### Exercise instructions
Among the lines of the listing below, retype exactly those from the one containing "21723 Ada St, Castro" through the one containing "Delantal Dos lindos", both included. Do not include pictures.

[Data — start]

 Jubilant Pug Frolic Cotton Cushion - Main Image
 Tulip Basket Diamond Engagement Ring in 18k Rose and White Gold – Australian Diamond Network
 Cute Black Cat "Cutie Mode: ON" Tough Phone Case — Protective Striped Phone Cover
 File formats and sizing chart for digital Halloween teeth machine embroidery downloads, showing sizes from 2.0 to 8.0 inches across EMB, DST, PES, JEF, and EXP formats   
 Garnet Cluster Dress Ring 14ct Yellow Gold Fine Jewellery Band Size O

[Data — finish]
[Data — start]

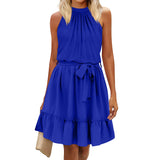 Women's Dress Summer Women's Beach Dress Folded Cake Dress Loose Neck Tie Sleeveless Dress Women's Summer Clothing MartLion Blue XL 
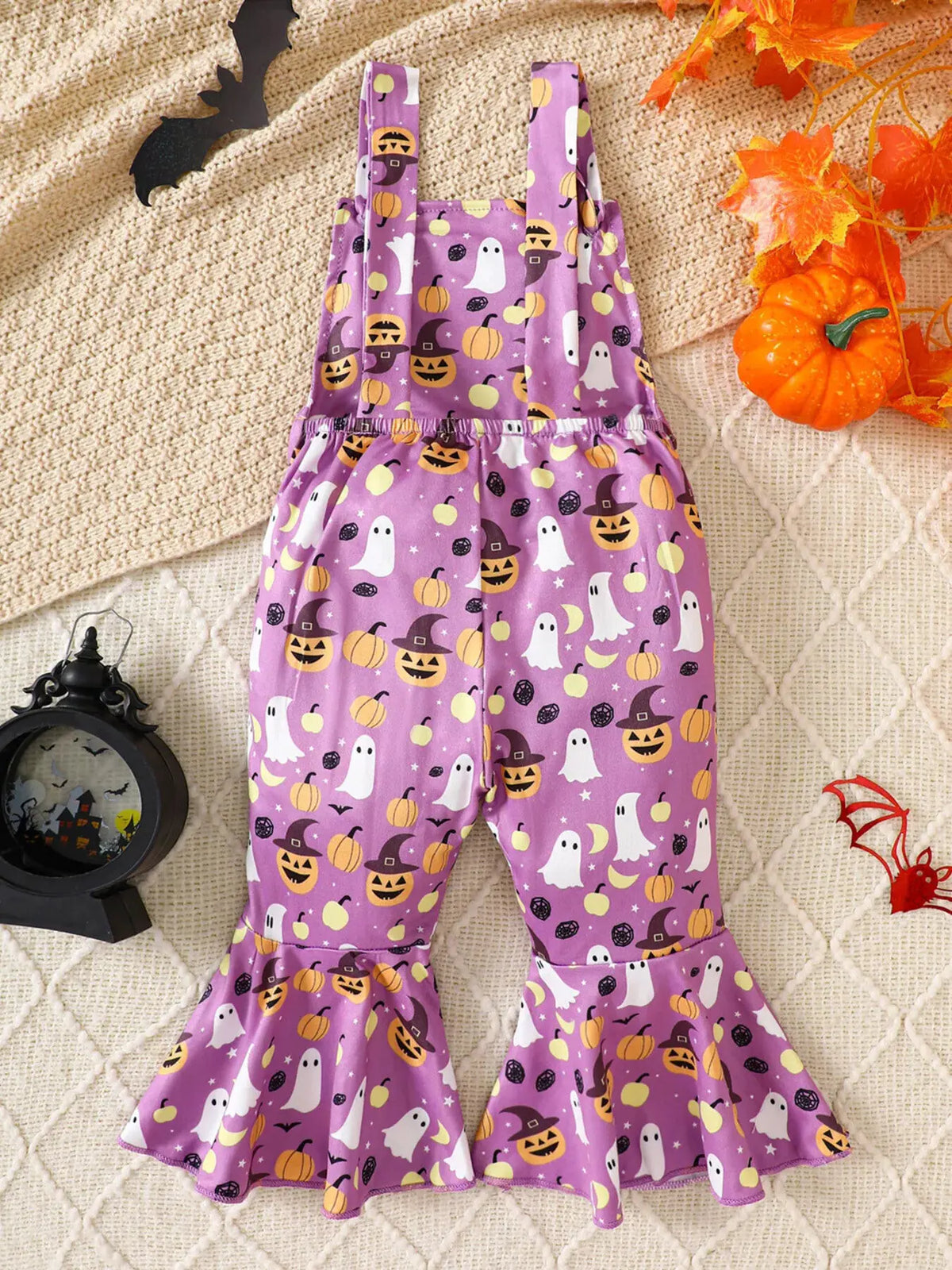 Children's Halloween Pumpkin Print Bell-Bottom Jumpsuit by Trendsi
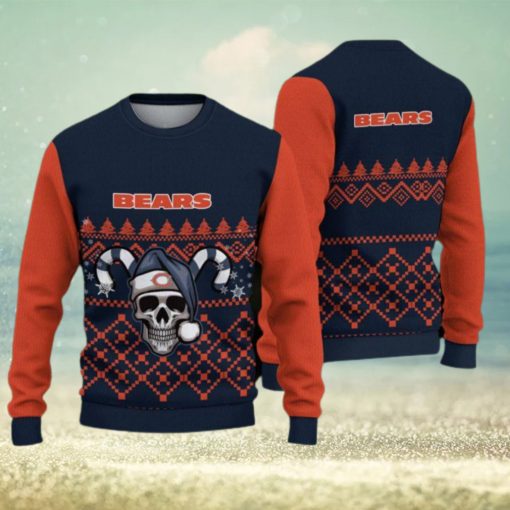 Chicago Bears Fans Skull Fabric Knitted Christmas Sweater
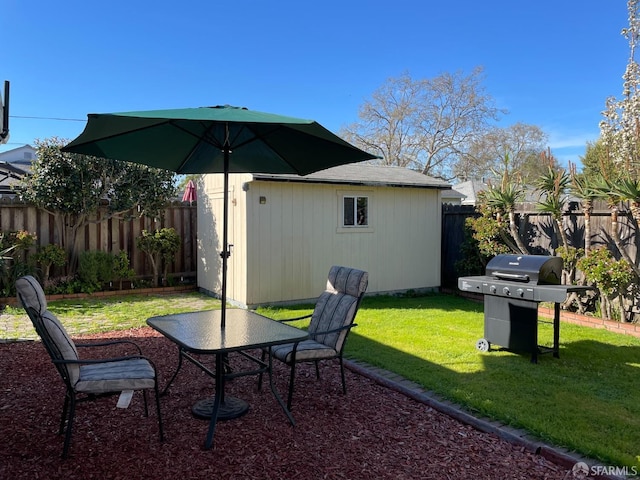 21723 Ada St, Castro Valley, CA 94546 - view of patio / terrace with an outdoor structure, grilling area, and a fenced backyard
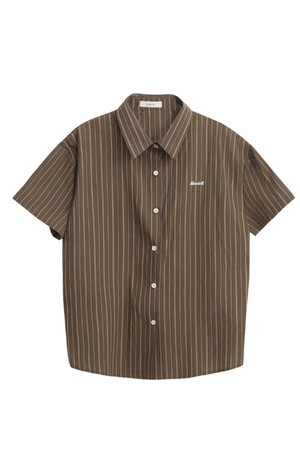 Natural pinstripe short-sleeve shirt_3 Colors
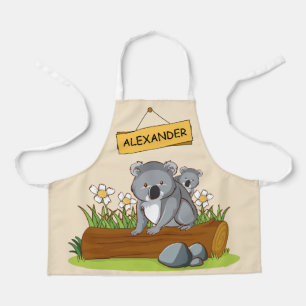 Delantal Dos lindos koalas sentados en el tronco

[Data — finish]

### Answer to the problem
 21723 Ada St, Castro Valley, CA 94546 - view of patio / terrace with an outdoor structure, grilling area, and a fenced backyard
 Natural pinstripe short-sleeve shirt_3 Colors
 Delantal Dos lindos koalas sentados en el tronco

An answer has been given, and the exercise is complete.